> LISTED RECORDS
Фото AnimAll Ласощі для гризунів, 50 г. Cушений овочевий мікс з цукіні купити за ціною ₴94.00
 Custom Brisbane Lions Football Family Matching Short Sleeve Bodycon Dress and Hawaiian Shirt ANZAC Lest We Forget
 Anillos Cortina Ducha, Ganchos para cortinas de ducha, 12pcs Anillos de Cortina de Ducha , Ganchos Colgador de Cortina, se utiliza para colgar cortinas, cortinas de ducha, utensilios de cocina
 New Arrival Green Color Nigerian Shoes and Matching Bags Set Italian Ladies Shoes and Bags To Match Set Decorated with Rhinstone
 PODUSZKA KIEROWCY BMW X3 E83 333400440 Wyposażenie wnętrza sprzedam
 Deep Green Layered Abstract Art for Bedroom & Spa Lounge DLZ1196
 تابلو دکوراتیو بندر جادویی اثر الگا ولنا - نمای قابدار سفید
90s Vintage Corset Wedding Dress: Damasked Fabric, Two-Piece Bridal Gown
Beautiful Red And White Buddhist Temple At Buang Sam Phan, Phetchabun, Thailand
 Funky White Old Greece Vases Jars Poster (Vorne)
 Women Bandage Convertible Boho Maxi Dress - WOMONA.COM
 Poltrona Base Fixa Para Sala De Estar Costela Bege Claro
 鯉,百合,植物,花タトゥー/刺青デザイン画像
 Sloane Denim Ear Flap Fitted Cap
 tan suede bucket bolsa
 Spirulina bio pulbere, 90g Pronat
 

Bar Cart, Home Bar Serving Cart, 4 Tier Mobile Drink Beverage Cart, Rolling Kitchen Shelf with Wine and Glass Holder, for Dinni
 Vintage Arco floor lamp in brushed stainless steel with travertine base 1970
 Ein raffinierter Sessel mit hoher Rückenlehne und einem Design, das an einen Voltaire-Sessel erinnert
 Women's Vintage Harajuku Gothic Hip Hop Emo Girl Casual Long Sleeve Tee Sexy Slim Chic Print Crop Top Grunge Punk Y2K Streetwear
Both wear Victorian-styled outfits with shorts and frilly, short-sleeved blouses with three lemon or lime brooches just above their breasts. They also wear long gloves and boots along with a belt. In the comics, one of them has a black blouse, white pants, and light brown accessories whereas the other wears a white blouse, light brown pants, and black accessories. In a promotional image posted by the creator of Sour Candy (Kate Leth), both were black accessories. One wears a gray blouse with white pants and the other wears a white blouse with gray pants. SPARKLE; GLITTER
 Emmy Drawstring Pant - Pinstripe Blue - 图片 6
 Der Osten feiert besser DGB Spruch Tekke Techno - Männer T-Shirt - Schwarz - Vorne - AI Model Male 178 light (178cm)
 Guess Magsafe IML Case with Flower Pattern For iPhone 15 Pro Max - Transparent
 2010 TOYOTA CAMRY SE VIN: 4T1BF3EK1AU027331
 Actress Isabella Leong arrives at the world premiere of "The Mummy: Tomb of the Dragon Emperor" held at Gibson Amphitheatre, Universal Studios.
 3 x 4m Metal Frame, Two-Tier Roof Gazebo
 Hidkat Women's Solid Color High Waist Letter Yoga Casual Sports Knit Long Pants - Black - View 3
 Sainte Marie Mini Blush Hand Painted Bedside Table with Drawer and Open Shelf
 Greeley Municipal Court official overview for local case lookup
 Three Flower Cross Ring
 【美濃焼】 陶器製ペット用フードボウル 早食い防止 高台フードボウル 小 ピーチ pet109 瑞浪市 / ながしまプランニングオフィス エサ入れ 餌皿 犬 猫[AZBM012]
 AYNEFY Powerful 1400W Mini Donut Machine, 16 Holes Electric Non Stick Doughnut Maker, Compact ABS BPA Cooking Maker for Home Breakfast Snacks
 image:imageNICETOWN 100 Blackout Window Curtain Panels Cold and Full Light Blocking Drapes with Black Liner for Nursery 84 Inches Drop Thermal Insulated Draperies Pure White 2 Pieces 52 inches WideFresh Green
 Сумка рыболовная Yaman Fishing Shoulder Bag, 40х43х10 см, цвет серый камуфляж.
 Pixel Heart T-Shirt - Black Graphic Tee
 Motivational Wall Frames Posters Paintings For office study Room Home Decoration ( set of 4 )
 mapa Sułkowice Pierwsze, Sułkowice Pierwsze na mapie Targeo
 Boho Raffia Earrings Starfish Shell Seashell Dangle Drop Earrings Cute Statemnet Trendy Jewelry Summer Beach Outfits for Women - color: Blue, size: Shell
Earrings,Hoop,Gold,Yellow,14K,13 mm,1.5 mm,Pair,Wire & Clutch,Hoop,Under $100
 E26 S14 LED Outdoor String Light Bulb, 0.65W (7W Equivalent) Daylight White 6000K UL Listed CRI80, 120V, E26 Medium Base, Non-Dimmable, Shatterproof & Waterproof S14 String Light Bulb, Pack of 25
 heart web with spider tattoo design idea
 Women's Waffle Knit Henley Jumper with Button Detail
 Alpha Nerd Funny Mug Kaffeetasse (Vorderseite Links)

> WHAT THIS TASK INVOLVES
The full listing above should be returned exactly as supplied.

> EXERCISE ANSWER
Фото AnimAll Ласощі для гризунів, 50 г. Cушений овочевий мікс з цукіні купити за ціною ₴94.00
 Custom Brisbane Lions Football Family Matching Short Sleeve Bodycon Dress and Hawaiian Shirt ANZAC Lest We Forget
 Anillos Cortina Ducha, Ganchos para cortinas de ducha, 12pcs Anillos de Cortina de Ducha , Ganchos Colgador de Cortina, se utiliza para colgar cortinas, cortinas de ducha, utensilios de cocina
 New Arrival Green Color Nigerian Shoes and Matching Bags Set Italian Ladies Shoes and Bags To Match Set Decorated with Rhinstone
 PODUSZKA KIEROWCY BMW X3 E83 333400440 Wyposażenie wnętrza sprzedam
 Deep Green Layered Abstract Art for Bedroom & Spa Lounge DLZ1196
 تابلو دکوراتیو بندر جادویی اثر الگا ولنا - نمای قابدار سفید
90s Vintage Corset Wedding Dress: Damasked Fabric, Two-Piece Bridal Gown
Beautiful Red And White Buddhist Temple At Buang Sam Phan, Phetchabun, Thailand
 Funky White Old Greece Vases Jars Poster (Vorne)
 Women Bandage Convertible Boho Maxi Dress - WOMONA.COM
 Poltrona Base Fixa Para Sala De Estar Costela Bege Claro
 鯉,百合,植物,花タトゥー/刺青デザイン画像
 Sloane Denim Ear Flap Fitted Cap
 tan suede bucket bolsa
 Spirulina bio pulbere, 90g Pronat
 

Bar Cart, Home Bar Serving Cart, 4 Tier Mobile Drink Beverage Cart, Rolling Kitchen Shelf with Wine and Glass Holder, for Dinni
 Vintage Arco floor lamp in brushed stainless steel with travertine base 1970
 Ein raffinierter Sessel mit hoher Rückenlehne und einem Design, das an einen Voltaire-Sessel erinnert
 Women's Vintage Harajuku Gothic Hip Hop Emo Girl Casual Long Sleeve Tee Sexy Slim Chic Print Crop Top Grunge Punk Y2K Streetwear
Both wear Victorian-styled outfits with shorts and frilly, short-sleeved blouses with three lemon or lime brooches just above their breasts. They also wear long gloves and boots along with a belt. In the comics, one of them has a black blouse, white pants, and light brown accessories whereas the other wears a white blouse, light brown pants, and black accessories. In a promotional image posted by the creator of Sour Candy (Kate Leth), both were black accessories. One wears a gray blouse with white pants and the other wears a white blouse with gray pants. SPARKLE; GLITTER
 Emmy Drawstring Pant - Pinstripe Blue - 图片 6
 Der Osten feiert besser DGB Spruch Tekke Techno - Männer T-Shirt - Schwarz - Vorne - AI Model Male 178 light (178cm)
 Guess Magsafe IML Case with Flower Pattern For iPhone 15 Pro Max - Transparent
 2010 TOYOTA CAMRY SE VIN: 4T1BF3EK1AU027331
 Actress Isabella Leong arrives at the world premiere of "The Mummy: Tomb of the Dragon Emperor" held at Gibson Amphitheatre, Universal Studios.
 3 x 4m Metal Frame, Two-Tier Roof Gazebo
 Hidkat Women's Solid Color High Waist Letter Yoga Casual Sports Knit Long Pants - Black - View 3
 Sainte Marie Mini Blush Hand Painted Bedside Table with Drawer and Open Shelf
 Greeley Municipal Court official overview for local case lookup
 Three Flower Cross Ring
 【美濃焼】 陶器製ペット用フードボウル 早食い防止 高台フードボウル 小 ピーチ pet109 瑞浪市 / ながしまプランニングオフィス エサ入れ 餌皿 犬 猫[AZBM012]
 AYNEFY Powerful 1400W Mini Donut Machine, 16 Holes Electric Non Stick Doughnut Maker, Compact ABS BPA Cooking Maker for Home Breakfast Snacks
 image:imageNICETOWN 100 Blackout Window Curtain Panels Cold and Full Light Blocking Drapes with Black Liner for Nursery 84 Inches Drop Thermal Insulated Draperies Pure White 2 Pieces 52 inches WideFresh Green
 Сумка рыболовная Yaman Fishing Shoulder Bag, 40х43х10 см, цвет серый камуфляж.
 Pixel Heart T-Shirt - Black Graphic Tee
 Motivational Wall Frames Posters Paintings For office study Room Home Decoration ( set of 4 )
 mapa Sułkowice Pierwsze, Sułkowice Pierwsze na mapie Targeo
 Boho Raffia Earrings Starfish Shell Seashell Dangle Drop Earrings Cute Statemnet Trendy Jewelry Summer Beach Outfits for Women - color: Blue, size: Shell
Earrings,Hoop,Gold,Yellow,14K,13 mm,1.5 mm,Pair,Wire & Clutch,Hoop,Under $100
 E26 S14 LED Outdoor String Light Bulb, 0.65W (7W Equivalent) Daylight White 6000K UL Listed CRI80, 120V, E26 Medium Base, Non-Dimmable, Shatterproof & Waterproof S14 String Light Bulb, Pack of 25
 heart web with spider tattoo design idea
 Women's Waffle Knit Henley Jumper with Button Detail
 Alpha Nerd Funny Mug Kaffeetasse (Vorderseite Links)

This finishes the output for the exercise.